Monitor system logs and resolve issues related to Kubernetes infrastructure (AKS).
Maintain and optimize Azure infrastructure, ensuring performance, availability, and cost efficiency.
Implement and manage backup and disaster recovery strategies.
Perform capacity planning and drive cost optimization (FinOps).
Automate operational tasks and develop self-healing systems.
Implement and maintain security controls and ensure compliance.
Collaborate with development teams to enhance application performance and scalability.
Assist in the design and implementation of new Azure-based solutions.
Manage Azure resource utilization and monitor system health and security.

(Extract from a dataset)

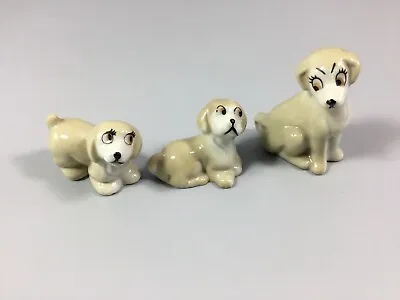 Wade Happy Families Dogs Set - Mum And 2 Babies • £25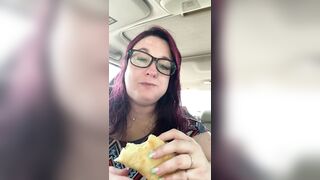 Taco Temptress big beautiful woman Fast Food Feast by Bella Blast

Create and maintain Terraform, Bash, and PowerShell scripts.
Document infrastructure processes, configurations, and architectures.
Stay current with new Azure capabilities and cloud operations best practices.
Mentor junior team members and foster a knowledge-sharing culture.
Required Qualifications:
Proven experience managing Azure cloud infrastructure in production environments.
Strong expertise in Azure Kubernetes Service (AKS) and container orchestration.
Hands-on experience with Databricks, system monitoring, and incident response.
Proficient in Bash, PowerShell, and Terraform scripting.
Understanding of FinOps principles for cloud cost optimization.
Familiarity with backup, disaster recovery, and cloud security practices.
Excellent troubleshooting and documentation skills.
Ability to work onsite in Richmond, VA at least 3 days per week.